In this section, we evaluate the performance of the baseline systems used in our experiment. Overall, the best performing baseline was ALL (i.e., the entire pre-processed Description field). This finding is consistent with work published at CLEF 2010 and CLEF 2011. UFT also performed well, probably because it closely resembles ALL. Filtering out the unit frequency terms from the Description field leaves most of the original terms intact. A similar effect was observed in the QR run.

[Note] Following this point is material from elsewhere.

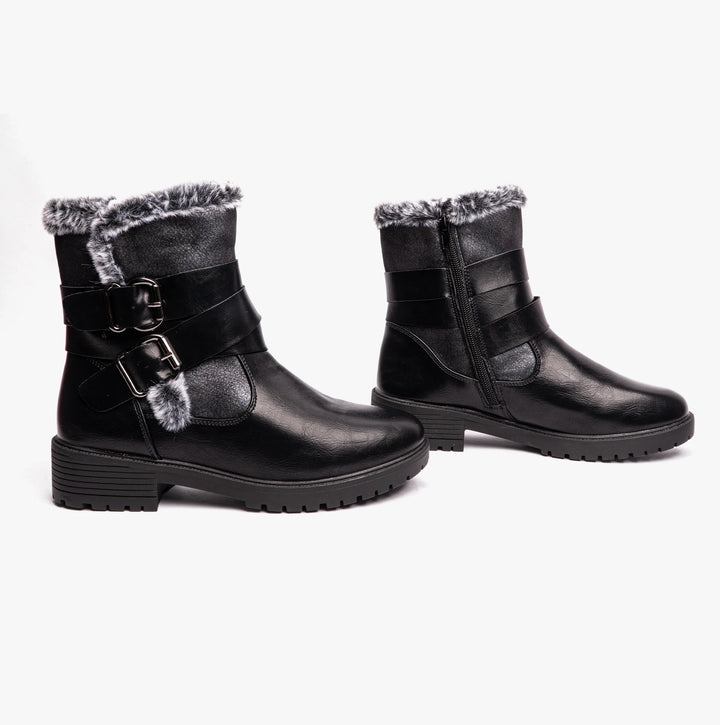 Dr Keller Phoenix Ladies Warm Lined Black Biker Style Boots With Faux Fur Cuff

We found that TF produced the worst performance on the CLEF-IP test collections. This result conflicts with previous work showing positive results on the USPTO corpus (Xue and Croft 2009). These results are possibly due to the citation practices common to that corpus. As expected, the effect of pseudo-relevance feedback on the top performing baselines was negative (see Figs. 5, 6). The use of IPC information improved overall performance (i.e., LMIPC scored better than LM). Consistent with Becks et al. (2011), adding phrases (LMIPCNP) led to a modest (i.e., not statistically significant) improvement in retrieval effectiveness.

Fig. 5
figure 5

Recall of collaborative patent search and unsupervised data fusion algorithms (entire query set)

Fig. 6
figure 6

The effect of PRF on the top-performing baselines

6.3 CF algorithms

We studied the performance of the different CF algorithms. The results are shown in Fig. 7. The model-based CF algorithms (SVD and Weighted SlopeOne) produced marginally better results than the memory-based alternatives (User-based and Item-based). Memory-based CF algorithms tend to perform poorly when the rating matrix is sparse. Model-based algorithms are generally less sensitive. All of the CF algorithms produced equivalent results. This supports our assertion that collaborative patent search is less sensitive to the problem of matrix sparsity.

Fig. 7
figure 7

The effect of changing the CF algorithm

6.4 Per-query analysis

We performed a per-query analysis comparing the results produced by ALL and CPACRegu. We found that 61 % of all queries (824 out of 1,351) benefited from our refined, multiple query representations technique. Only 18.7 % of queries (252 out of 1351) were better off with a single query representations of the Description field.

6.5 Recall

In addition to the precision-based measurements described above, we evaluated our algorithms using recall-based metrics. Given the context, this is quite fitting. Patent prior-art search is a recall-oriented task wherein the primary focus is to retrieve relevant documents at early ranks. We found that CPAC and CPACRegu achieved better recall than the baseline systems. These improvements were quite stable across all evaluation metrics (see Fig. 8; Table 2). The high recall performance of our technique has an intuitive explanation. Relevant documents are being crowd-sourced (i.e., ‘found’ by other query representations).

Fig. 8
figure 8

Recall of collaborative patent search and various baselines

7 Conclusion and further work

In this paper, we have described a pseudo-collaborative approach to patent IR which combines results lists from multiple query representations. We have also proposed an iterative method for refining its performance. In a multi-stage evaluation using CLEF-IP data, our experimental system delivered statistically significant improvements over state-of-the-art baseline systems. In future work, we intend to explore the differences between IP test collections. We also plan to evaluate the use of citation information alongside more selective query generation techniques. Further scrutiny of data fusion algorithms, and their application to our technique, is another obvious extension.